Write a script to identify an anagram

Inspired by this tweet from the always awesome Fermat's Library.

Challenge

In the language of your choice, write a script that will determine if two strings are an anagram for each other. You can use the approach outlined in the tweet, or — for bonus points — come up with your own solution 🤓.

Via Wikipedia:

An anagram is word or phrase formed by rearranging the letters of a different word or phrase, typically using all the original letters exactly once.

For our challenge, we'll use the strict definition — each letter must be used exactly once.

Expected Behavior:

isAnagram(stressed, desserts) // TRUE
isAnagram(happy, sad) // FALSE

Have fun!

Comments

[Peter Kim Frank]

Paging @heikodudzus , I feel like you always enjoy these challenges!

[Heiko Dudzus]

Hey, thank you very much! I'm glad you sent me a notice.
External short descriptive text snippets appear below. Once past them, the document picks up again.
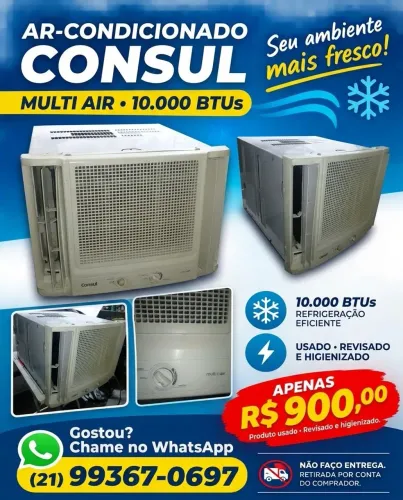 Ar-Condicionado Consul Multi Air 10.000 BTUs Revisado e Higienizado - R$ 900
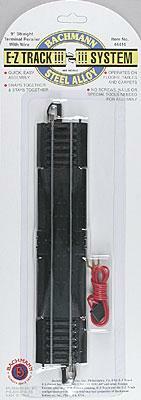 Bachmann 44410 HO Scale Straight Track w/Steel Rail & Black Roadbed - E-Z Track(R) -- 9" 22.9cm Terminal Rerailer
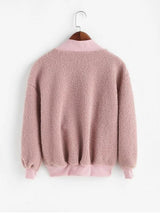 Pocket V Neck Drop Shoulder Fluffy Teddy Sweatshirt - INS | Online Fashion Free Shipping Clothing, Dresses, Tops, Shoes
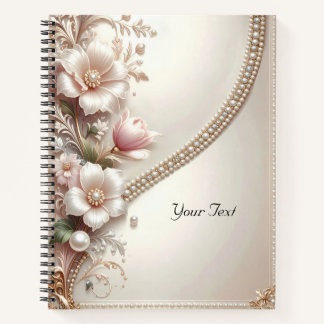 Carnet de notes à embellissements floraux et perle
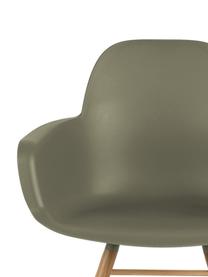 Armstoel Albert Kuip, Zitvlak: polypropyleen, Poten: essenhout, Zitvlak: groen. Poten: essenhoutkleurig, 59 x 82 cm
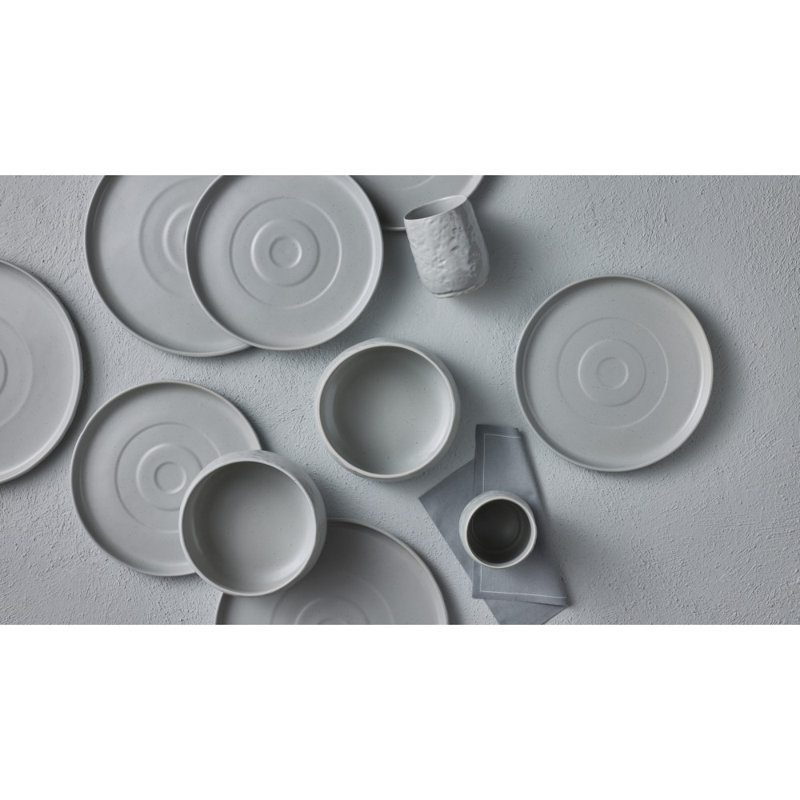 Stone by Mercer Project Shosai 32-Piece Dinnerware Set Stoneware, Gray Speckled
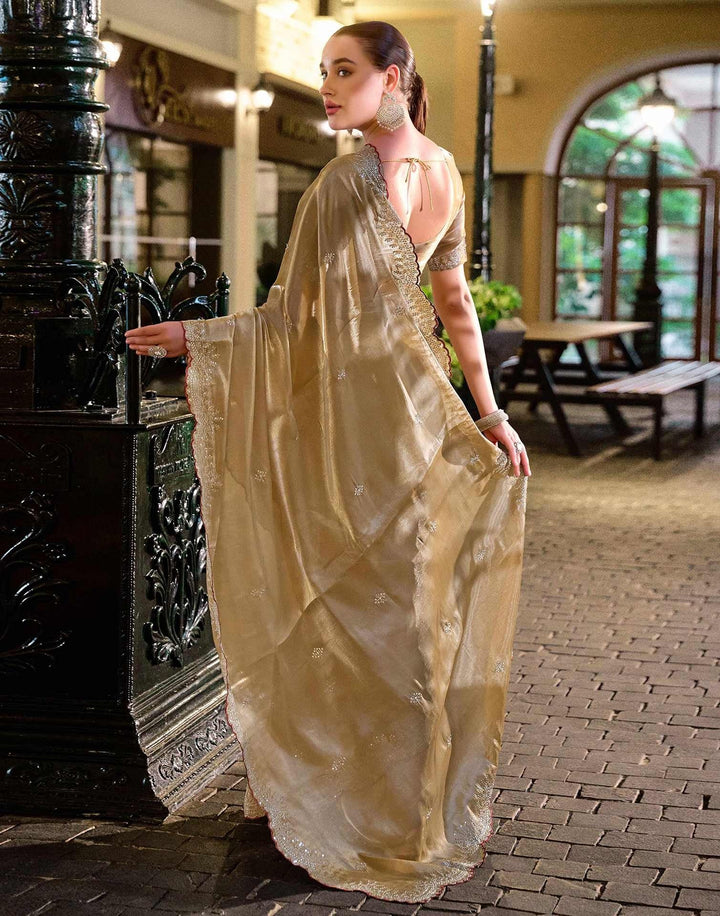 Wedding Wear Dark Beige Color Soft Silk Sequence Embroidery Saree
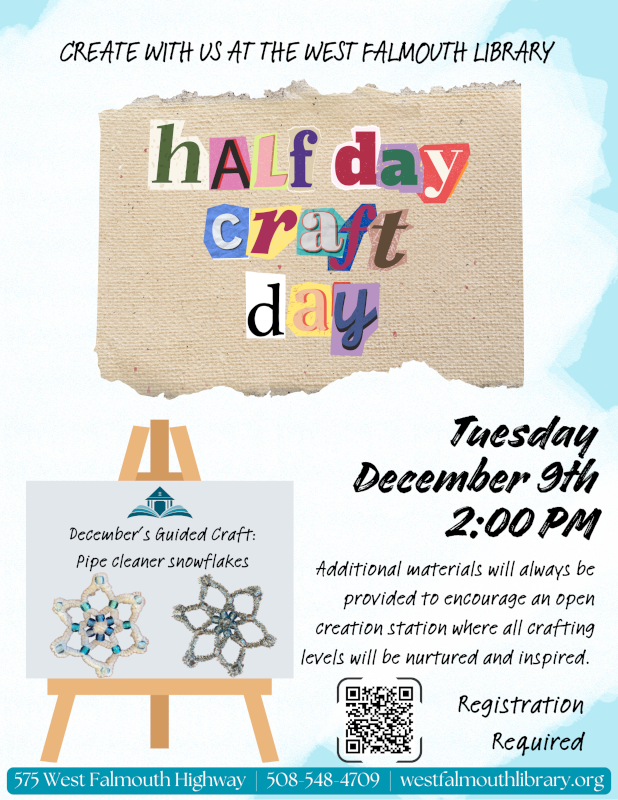 Fall 2025 Half Day Craft Day for West Falmouth LIbrary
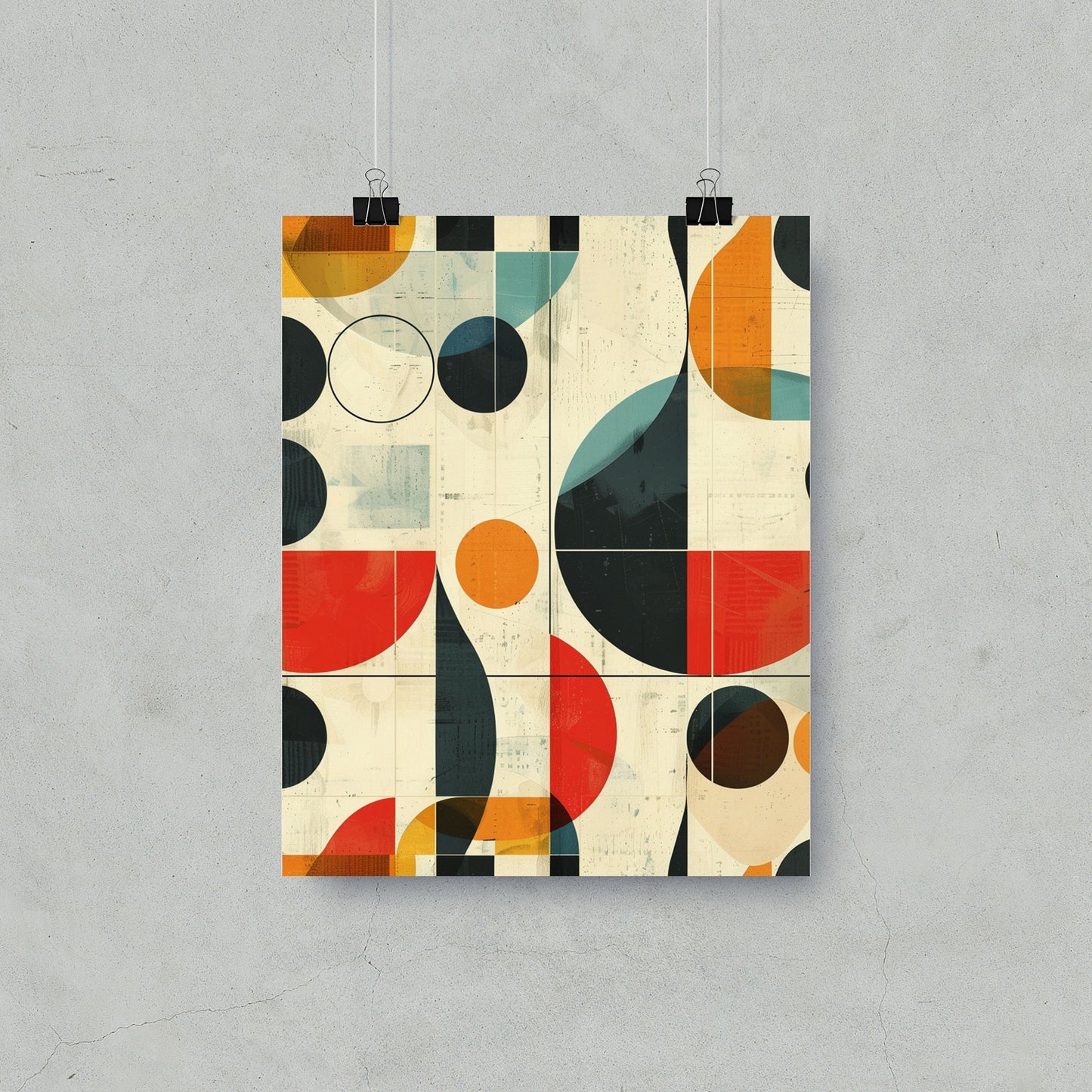 Colorful Abstract Art Geometric Shapes Wall Print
I will look for some spare time! :)

[Ali Spittel]

In Python, I've always used the builtin Counter collection!

from collections import Counter

def isAnagram(word, check_word):
    return Counter(word) == Counter(check_word)

[Evan Oman]

The common way, written in Scala:

scala> def isAnagram(s1: String, s2: String): Boolean = s1.sorted.equalsIgnoreCase(s2.sorted)
isAnagram: (s1: String, s2: String)Boolean                                                   

scala> isAnagram("stressed", "desserts")                                                     
res1: Boolean = true                                                                         

scala> isAnagram("sad", "happy")                                                             
res2: Boolean = false

[Ben Halpern]

I'd think sorting the characters of the string and comparing them would be a fine solution.

In Ruby:

def is_anagram?(first_word, second_word)
    first_word.chars.sort.join == first_word.chars.sort.join
end

We might want to refactor into two functions

def is_anagram?(first_word, second_word)
    sort_alphabetically(first_word) == sort_alphabetically(second_word)
end

def sort_alphabetically(string)
    string.chars.sort.join
end

The ? in Ruby is just another character, but it's commonly used in naming comparison methods like this.

[Ben Halpern]

Actually, the join step is unnecessary given that the arrays will match or not at that point, but it still seems like an ergonomic step if we are thinking in words. 🙂

[Ben Halpern]

If we wanted the comparison to work for n words, we might take an approach like this:

    def are_anagrams?(words)
        words.map { |w| sort_alphabetically(w) }.uniq.size == 1
    end

This would check if the "unique" array of sorted words is a length of one, indicating they are all the same.

[Ben Halpern]

In true Ruby style, we could monkey patch the Array class, like such:

class Array
  def are_anagrams?
    self.map { |w| sort_alphabetically(w) }.uniq.size == 1
  end
end

So then we could call:

["pots", "post", "stop"].are_anagrams? # true
["pots", "post", "ghost"].are_anagrams? # false

[Ben Halpern]

Looking up methods on the Array class, I see that I can refactor the above to:

def are_anagrams?
    self.map { |w| sort_alphabetically(w) }.uniq.one?
end

This may be less clear to non-Rubyists, but that method is there for a reason for Ruby folks.

[Enrique Jose Padilla]

Following your train of thought was fun

[xelaflash]

Very cool
i'm learning ruby currently and the refactor steps are very clear and easy to follow.
At then end only one line method!
i would have written this in 20 lines probably and in a couple of hours :)

Cool stuff.

[xelaflash]

Hi Ben,

seems to have a small typo in your code (first part).
After "==" should be second_word, no?

[Andrey Kostakov]

def isAnagram(a, b):
    return a == b[::-1]

[Evan Oman]

While this happens to work for stressed and desserts this only checks for words which are reverse copies of each other, not anagrams.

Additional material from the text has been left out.